Church of St Cadoc is a Grade II* listed building in the Monmouthshire local planning authority area, Wales. First listed on 27 November 1953. House.
Church of St Cadoc
- WRENN ID
- silent-moat-summer
- Grade
- II*
- Local Planning Authority
- Monmouthshire
- Country
- Wales
- Date first listed
- 27 November 1953
- Type
- House
- Source
- Cadw listing
Description
Church of St Cadoc
This is a Grade II* listed church built primarily of rubble stone with ashlar dressings and stone tiles laid in diminishing courses. It comprises a nave, north aisle, chancel, west tower, and south porch, and represents a significant example of late medieval ecclesiastical architecture with 19th-century additions and alterations.
The south porch has stone side walls rising to a height of 2 metres, with upper walls of timber frame construction featuring arch braces rising from short wall posts to the wall plate. The porch gable displays scalloped bargeboards with an ornamental finial, and the roof truss over the entry is arch-braced with a cambered tie-beam. The inner pointed arched entrance doorway is chamfered and fitted with a 19th-century door adorned with applied fillets and ornate strap hinges.
The south wall of the nave contains three 15th-century windows of particular note: a late 15th-century 2-light cinquefoil window with flat head; a 15th-century 3-light cinquefoil window with ribbed panel tracery under a flat head; and a 15th-century window with three ogee-headed lights, each containing cinquefoils and traceried lights beneath a flat head.
The chancel has a south wall featuring a similar but smaller 3-light window with ogee-headed lights, a pointed-arched chamfered doorway with a 19th-century boarded door, a trefoil-headed lancet, and a broad squat buttress at its junction with the nave. A 15th-century east window displays 3-light trefoil design with Perpendicular tracery. The north wall of the chancel contains a trefoil-headed lancet.
The north aisle, added in the 19th century as a lean-to structure, has side walls containing 15th-century 2-light and 3-light ogee-headed windows with cinquefoils, apparently salvaged from the nave's north wall and relocated during repairs by Prichard in 1878. The aisle's outer wall features, from left to right: a pointed arched doorway, a buttress with offsets, a lancet pair with trefoils, a second buttress, and another lancet pair.
The west tower rises in three stages.

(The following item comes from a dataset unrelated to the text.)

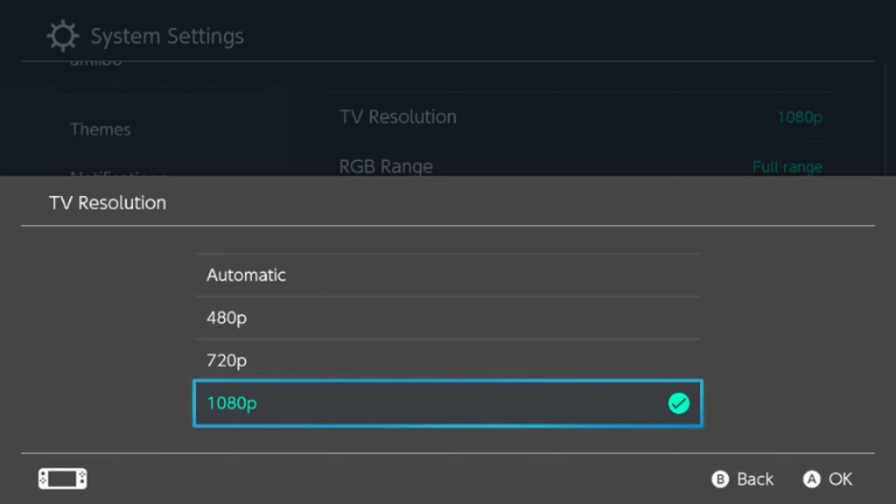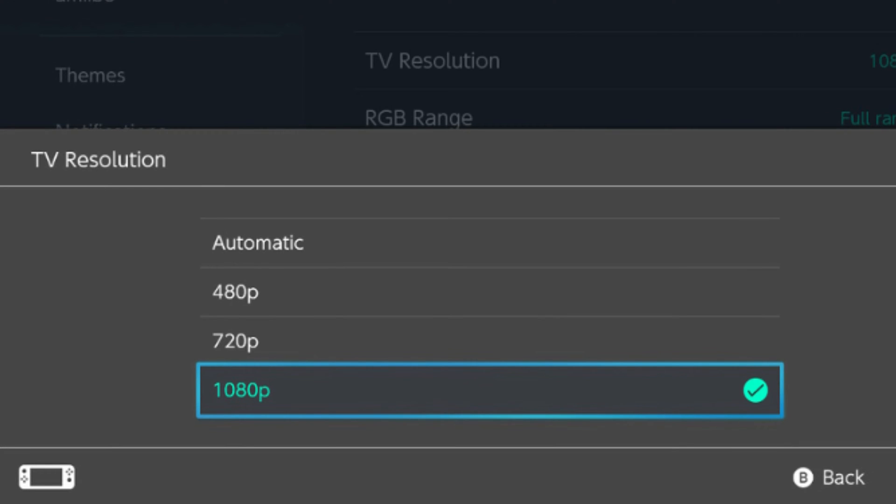Update your Switch system software and TV firmware — make sure both devices are running the latest updates. Check your Switch output settings and make sure your Switch is set to automatic or the correct TV resolution. Also check your TV input settings and ensure the HDMI input is set to default or 1080p.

Each face is topped by a battlemented parapet with three merlons projecting on corbels. The bell chamber on each face has louvred 2-light openings with flat heads. A string course runs across the middle of the tower. On the west face, a small single-light window rises above the string course, with a large pointed arched doorway at ground level featuring a chamfered stone surround and a 20th-century oak door decorated with blind Perpendicular panels. The south face of the tower has a single trefoil-headed light at ground level.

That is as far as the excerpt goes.